Although by today's standards it comes across as really slow and talky, with very little action and a noted emphasis on the increasingly tense interplay between the desperate characters, "The Day the World Ended" all the same still makes for an engrossingly seedy and rough-edged nickel'n'dime doomsday romp. Corman's lean, no-frills straightforward direction treats Lou Rusoff's unusually thoughtful, literate and intelligent script like a tightly constructed acting ensemble piece, with the uniformly sound performances by the tiny, able cast creating a good deal of the film's grungy, cut-to-the-bone effective suspense and relentlessly bleak tone. Jock Feindel's grainy, unadorned black and white cinematography gives the flick a spare, cramped, uncomfortably claustrophobic look while Ronald Stein's eerie, understated, unobtrusive score makes especially unnerving use of the always spacey sounding theremin. The admittedly absurd-looking mutant beast detracts somewhat from the otherwise nicely maintained scruffy verisimilitude, but nonetheless makes for a very cool and suitably menacing monster.

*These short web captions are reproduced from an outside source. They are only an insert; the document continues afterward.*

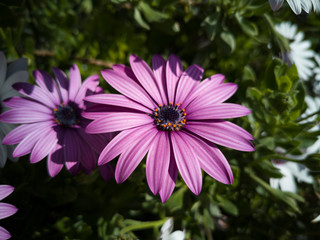 Obraz premium Purple flower close up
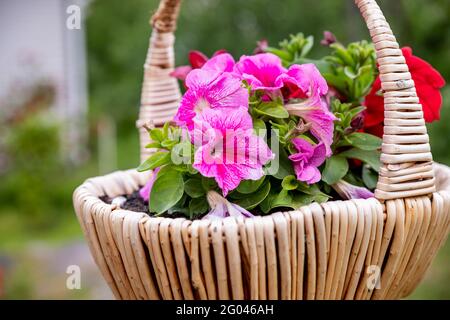 Belle pétunia fleurs dans le panier de wicler, décoration de jardin. Sur un fond vert.jardin d'été. Banque D'Images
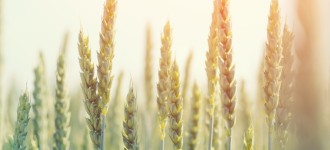Семена озимой пшеницы Таня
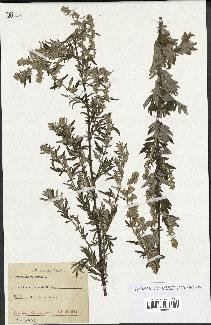 spécimen de Artemisia vulgaris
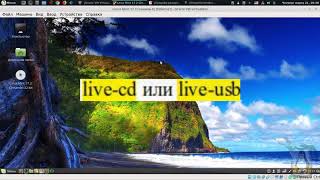 Linux для начинающих _ Переходим на Linux Mint 19 Tara Linux для начинающих _ Переходим на Linux Mint 19 Tara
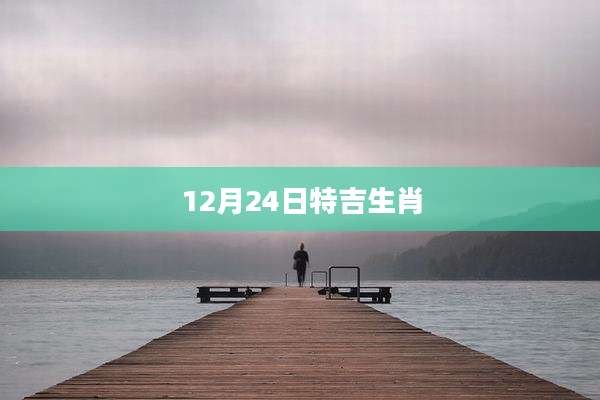 12月24日特吉生肖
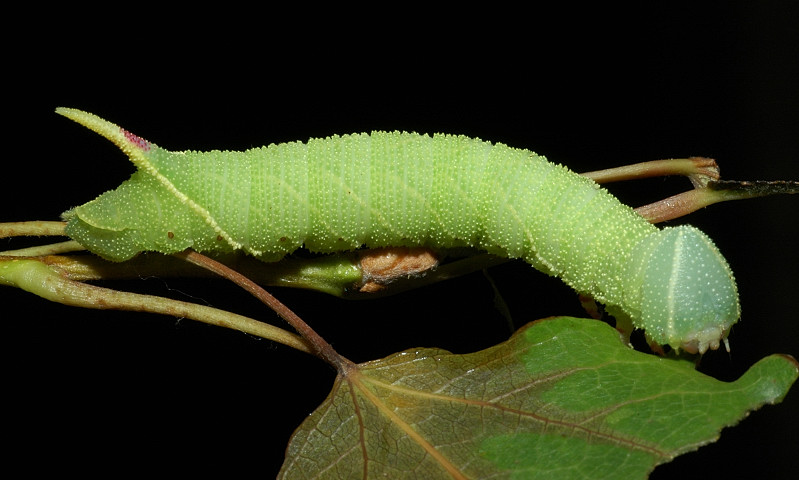 Laothoe populi
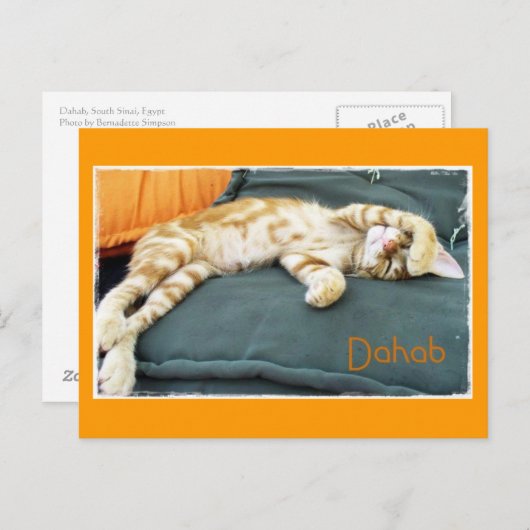 Dahab Cat Daze Briefkaart (Voorkant / Achterkant)
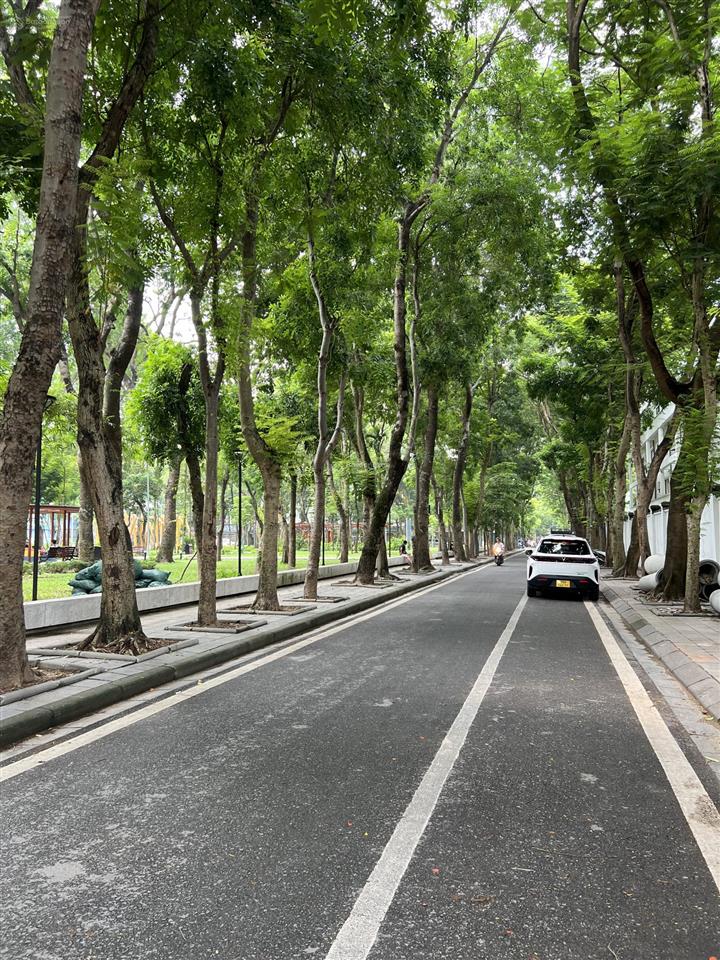 Cực hiếm phân lôkđt định côngtrần nguyên đán85m2, ô tô tránh, vỉa hè, cây xanhhơn 34 tỷ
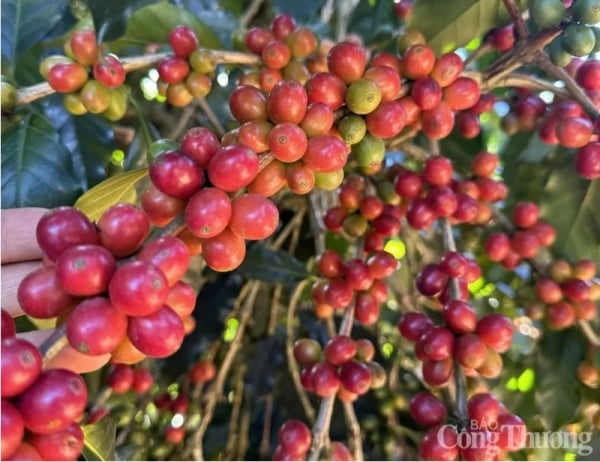 តម្លៃកាហ្វេ Robusta បានកើនឡើងដល់ 5,527 ដុល្លារ/តោន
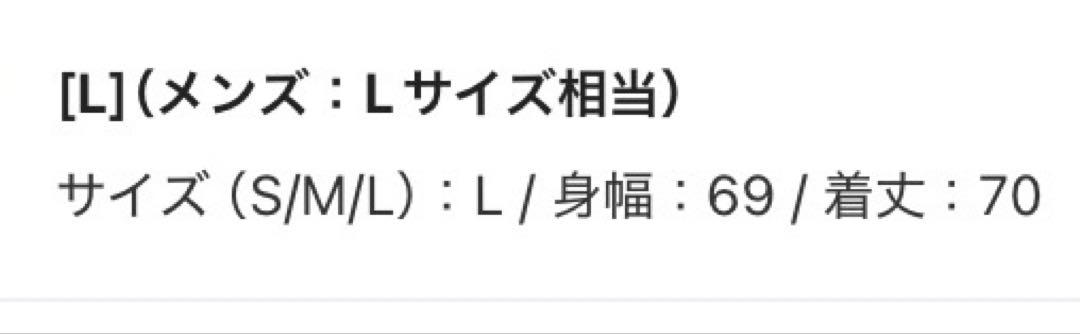 完売品 +phenix フライトダウンボンバージャケット ゴアテックス サイズL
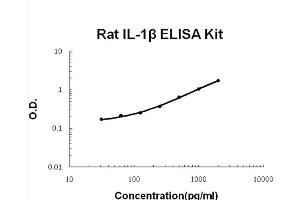 ELISA image for Interleukin 1, beta (IL1B) ELISA Kit (ABIN6719718)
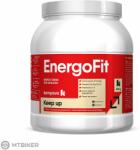 Kompava EnergoFit energiaital, 500 g (fekete ribizli)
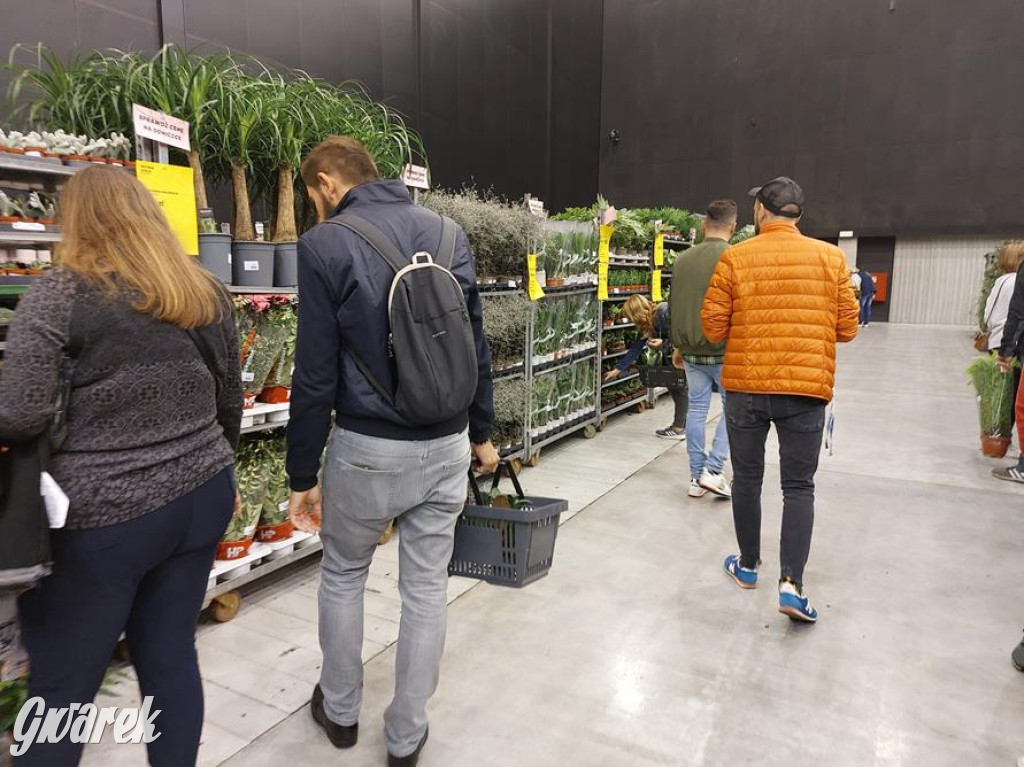 Festiwal Roślin. Wielki wybór, jakie ceny?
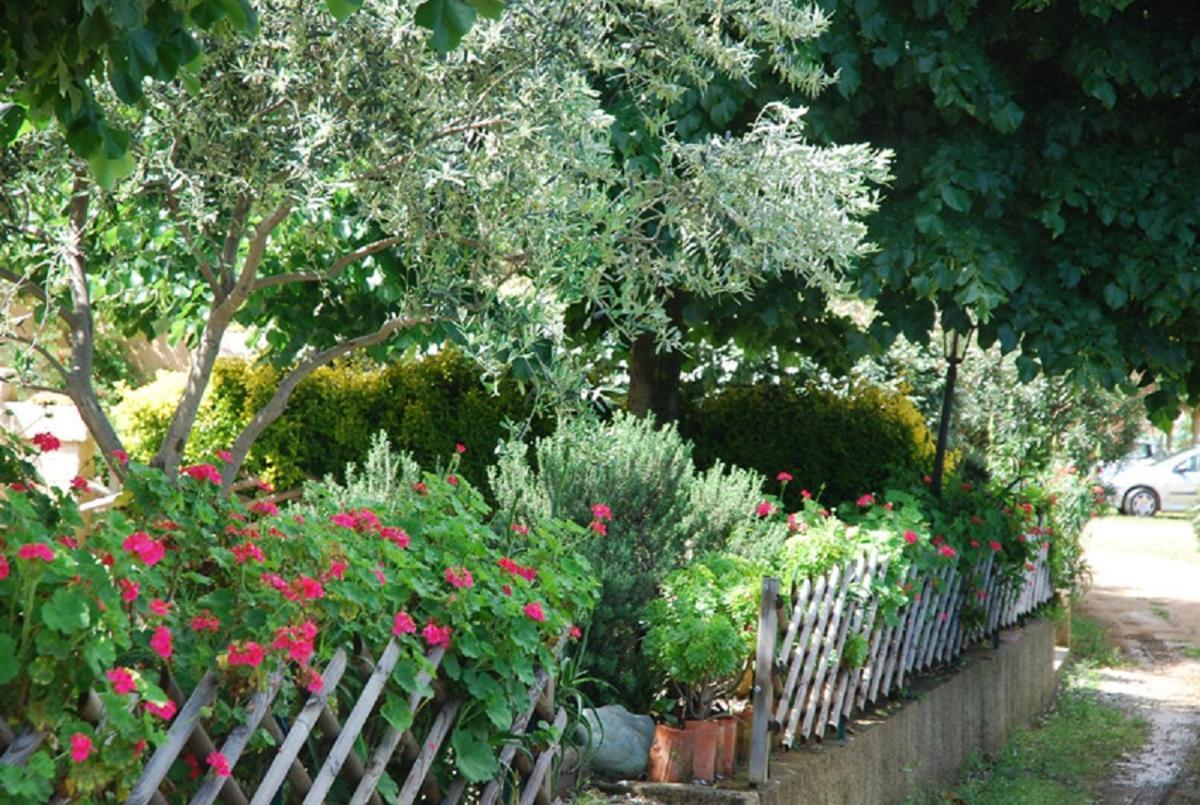 Costa Di Sognu Villa Dış mekan fotoğraf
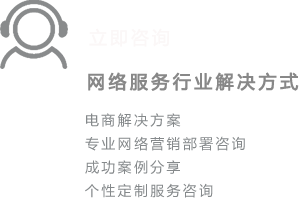 电商解决方案-专业网络营销部署咨询-成功案例分享-个性定制服务咨询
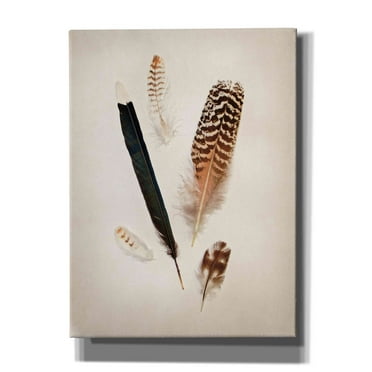 Epic Graffiti 'Feather Group II' by Debra Van Swearingen, Canvas Wall Art, 40"x54"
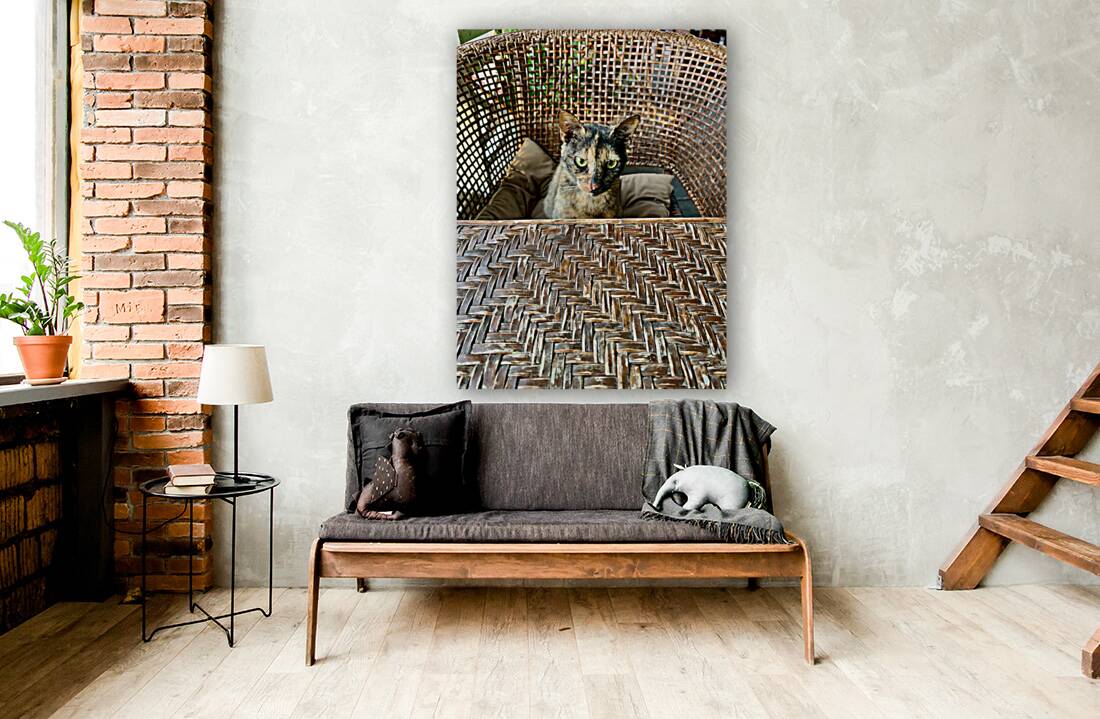 Dating a Cat Reproduction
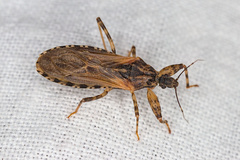 Oncocephalus squalidus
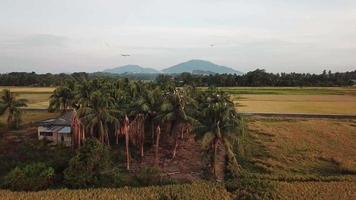 volo aereo verso openbill asiatico soggiorno presso alberi di cocco. video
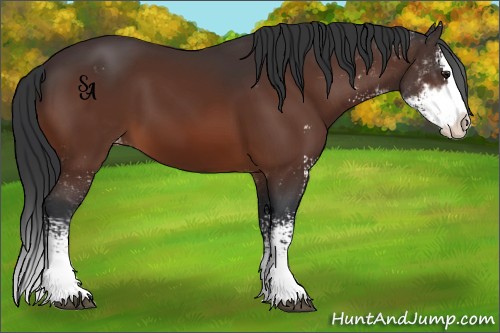 Horse Color:Bay Sabino Splash Appaloosa 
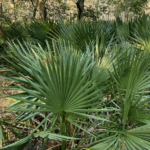 Dwarf Palmetto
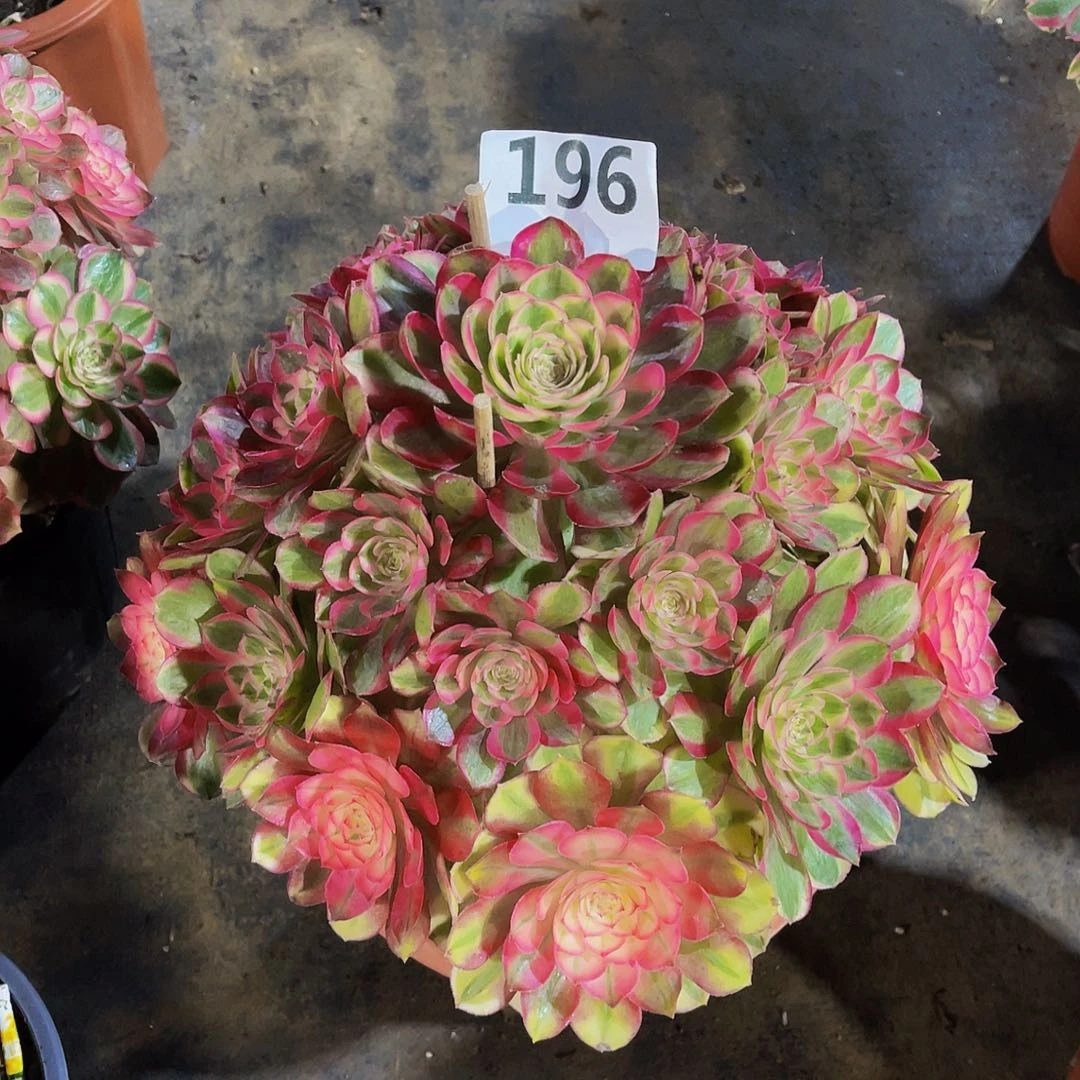 二**姨白糖荔枝196拖土发货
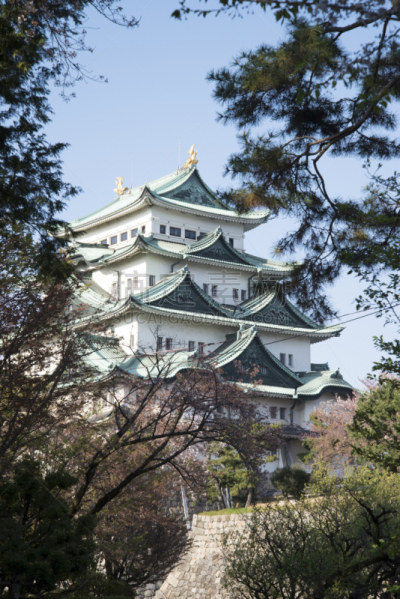名古屋城,名古屋,日本武士,江户时代,垂直画幅,外立面,高视角,无人,夏天,户外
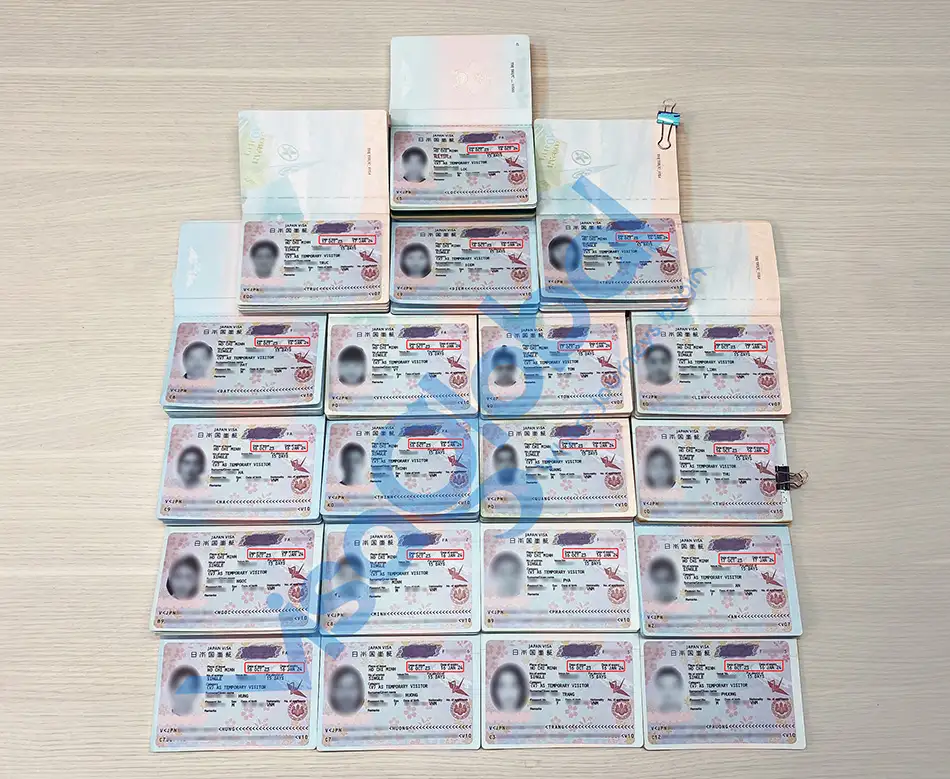 Kiểm tra tỷ lệ đậu visa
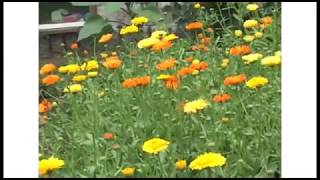 Souci  Calendule Calendula officinalis [upl. by Eppes]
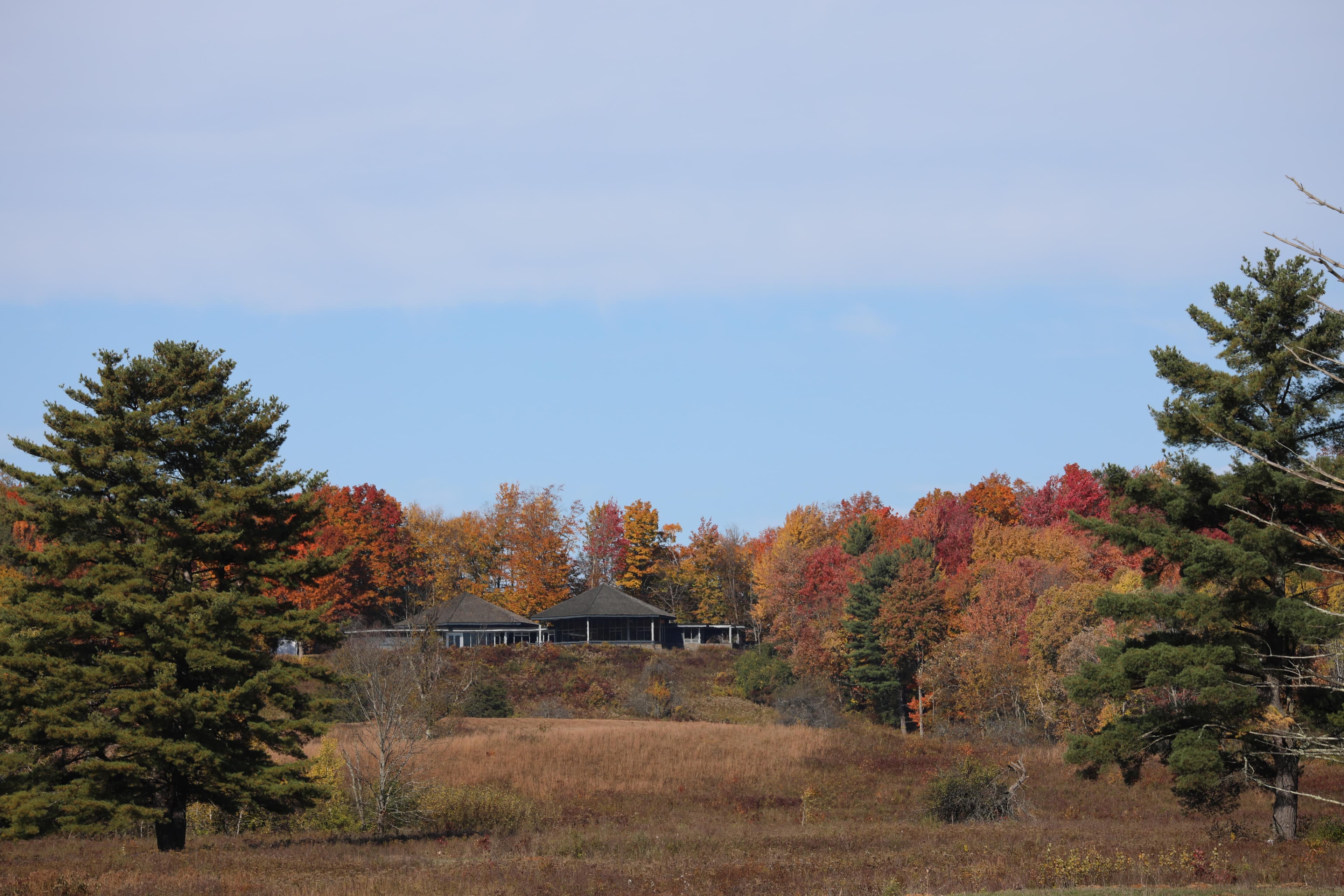 Our Visitor Center boasts a scenic view overlooking part of the Battlefield.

The film also deserves praise for its frank, level-headed depiction of how people would act in the event of such a cataclysmic disaster (some would rise nobly to the challenge while others would devolve into savage, greedy animals), the colorfully drawn characters, Corman's sharply observant, non-judgmental point of view, its atmospheric handling of the desolate, mist-shrouded forest location, and an ambiguously "happy" ending. Overall, this modest trend-setting outing rates as pretty solid, if scrappy two-cent fun.